Taryn's first Cubs game at Wrigley was during the 2006 season. I had tickets in section 401 or 402 and let her have them to go with a friend. But she was too young to go alone, so my wife and I accompanied them on the Skokie Swift and the Red Line to Addison. We bought tickets at the box office (pretty good ones, in fact, box seats behind the Cubs dugout). Taryn's initiation into Cubs fandom was probably helped by the fact that Matt Murton was playing left field - right below her seats. That's not because Murton was a big Cubs hero - it was his hair. He was a red head, just like Taryn.
Several years later we've shared dozens of visits to Wrigley field, a no hitter (Zambrano's against the Astros in Milwaukee), a trip to Cincinnati and many Cubs conventions. And now we share a pair of season tickets in Row 13 of Aisle 236. As Taryn reminds me, if I hadn't turned her into such a serious Cubs fan, her mom probably wouldn't have let me spend the money for the tickets. Those father-daughter days at the ballpark (especially now that Taryn is done with school and living in the city) help to keep my wife's complaints to a minimum.

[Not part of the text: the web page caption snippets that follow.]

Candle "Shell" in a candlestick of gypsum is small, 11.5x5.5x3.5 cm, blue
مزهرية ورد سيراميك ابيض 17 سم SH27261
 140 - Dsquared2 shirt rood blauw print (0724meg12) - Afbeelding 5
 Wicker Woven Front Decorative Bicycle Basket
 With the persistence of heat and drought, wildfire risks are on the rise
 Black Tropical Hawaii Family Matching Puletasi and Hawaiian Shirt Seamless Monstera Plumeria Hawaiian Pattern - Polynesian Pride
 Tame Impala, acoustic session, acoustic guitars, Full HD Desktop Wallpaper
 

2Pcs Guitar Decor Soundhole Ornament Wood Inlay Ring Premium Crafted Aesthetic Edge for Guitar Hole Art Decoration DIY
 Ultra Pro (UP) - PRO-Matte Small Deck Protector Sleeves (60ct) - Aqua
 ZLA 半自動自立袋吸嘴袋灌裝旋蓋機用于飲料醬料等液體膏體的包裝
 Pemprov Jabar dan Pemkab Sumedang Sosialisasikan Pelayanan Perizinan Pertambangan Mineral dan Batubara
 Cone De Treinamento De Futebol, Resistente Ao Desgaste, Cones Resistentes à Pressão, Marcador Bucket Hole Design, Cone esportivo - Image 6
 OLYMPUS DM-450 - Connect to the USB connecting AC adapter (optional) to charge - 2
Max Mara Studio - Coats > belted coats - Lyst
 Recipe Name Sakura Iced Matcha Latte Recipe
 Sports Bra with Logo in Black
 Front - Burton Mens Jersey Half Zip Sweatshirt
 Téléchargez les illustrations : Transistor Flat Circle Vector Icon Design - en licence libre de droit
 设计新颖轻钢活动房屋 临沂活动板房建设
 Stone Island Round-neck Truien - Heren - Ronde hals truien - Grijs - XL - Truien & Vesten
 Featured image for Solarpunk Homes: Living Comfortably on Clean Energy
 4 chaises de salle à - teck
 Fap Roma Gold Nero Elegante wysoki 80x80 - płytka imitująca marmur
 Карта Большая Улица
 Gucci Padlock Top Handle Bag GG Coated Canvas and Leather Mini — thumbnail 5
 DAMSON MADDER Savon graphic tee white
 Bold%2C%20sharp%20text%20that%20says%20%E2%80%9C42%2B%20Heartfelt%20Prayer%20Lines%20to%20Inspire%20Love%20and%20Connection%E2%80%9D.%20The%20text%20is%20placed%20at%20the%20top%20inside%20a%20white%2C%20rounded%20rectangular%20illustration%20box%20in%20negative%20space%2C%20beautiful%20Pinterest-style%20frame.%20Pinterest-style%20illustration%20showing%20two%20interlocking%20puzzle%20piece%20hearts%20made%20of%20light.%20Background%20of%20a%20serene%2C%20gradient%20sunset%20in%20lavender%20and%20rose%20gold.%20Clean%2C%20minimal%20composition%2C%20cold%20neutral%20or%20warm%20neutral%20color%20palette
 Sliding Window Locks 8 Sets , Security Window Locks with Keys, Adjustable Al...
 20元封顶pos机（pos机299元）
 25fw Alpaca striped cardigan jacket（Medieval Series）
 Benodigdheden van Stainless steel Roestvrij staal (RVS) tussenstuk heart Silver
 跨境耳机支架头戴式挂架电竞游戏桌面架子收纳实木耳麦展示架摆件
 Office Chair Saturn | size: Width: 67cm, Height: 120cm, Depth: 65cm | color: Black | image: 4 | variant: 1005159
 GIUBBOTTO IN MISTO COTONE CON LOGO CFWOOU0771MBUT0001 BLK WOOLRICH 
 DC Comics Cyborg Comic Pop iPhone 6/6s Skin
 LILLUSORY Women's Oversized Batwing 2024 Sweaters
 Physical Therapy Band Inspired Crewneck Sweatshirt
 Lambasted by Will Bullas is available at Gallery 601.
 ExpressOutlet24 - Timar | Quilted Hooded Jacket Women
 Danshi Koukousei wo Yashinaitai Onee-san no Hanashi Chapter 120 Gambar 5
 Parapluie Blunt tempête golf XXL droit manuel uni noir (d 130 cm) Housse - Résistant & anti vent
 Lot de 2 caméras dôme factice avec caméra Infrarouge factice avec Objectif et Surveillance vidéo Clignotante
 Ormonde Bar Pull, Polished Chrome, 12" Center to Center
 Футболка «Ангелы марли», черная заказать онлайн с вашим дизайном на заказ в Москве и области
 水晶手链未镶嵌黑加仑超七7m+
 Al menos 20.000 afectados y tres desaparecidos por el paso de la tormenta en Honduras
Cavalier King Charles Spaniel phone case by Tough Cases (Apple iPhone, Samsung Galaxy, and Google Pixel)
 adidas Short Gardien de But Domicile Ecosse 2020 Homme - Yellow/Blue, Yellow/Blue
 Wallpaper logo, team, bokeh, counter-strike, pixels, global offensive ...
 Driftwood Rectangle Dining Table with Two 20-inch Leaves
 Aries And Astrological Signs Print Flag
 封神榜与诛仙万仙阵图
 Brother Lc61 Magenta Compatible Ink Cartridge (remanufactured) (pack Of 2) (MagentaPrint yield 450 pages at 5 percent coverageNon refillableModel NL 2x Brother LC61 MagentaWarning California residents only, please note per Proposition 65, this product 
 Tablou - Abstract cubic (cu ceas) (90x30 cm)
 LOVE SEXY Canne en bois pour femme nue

So we've helped each other. I helped introduce her to the sublime frustration of being a Cubs fan. Her willingness to suffer along with me helped reduce any resistance her mom might have had to spending money of season tickets when I reached the top of the waiting list. We're about to begin our second year in Aisle 236, and I'm definitely looking forward to the Cubs Convention. Despite the fact that we'll be reliving one bad season while getting ready for another.
But I wouldn't have it any other way - and I don't think my daughter would either.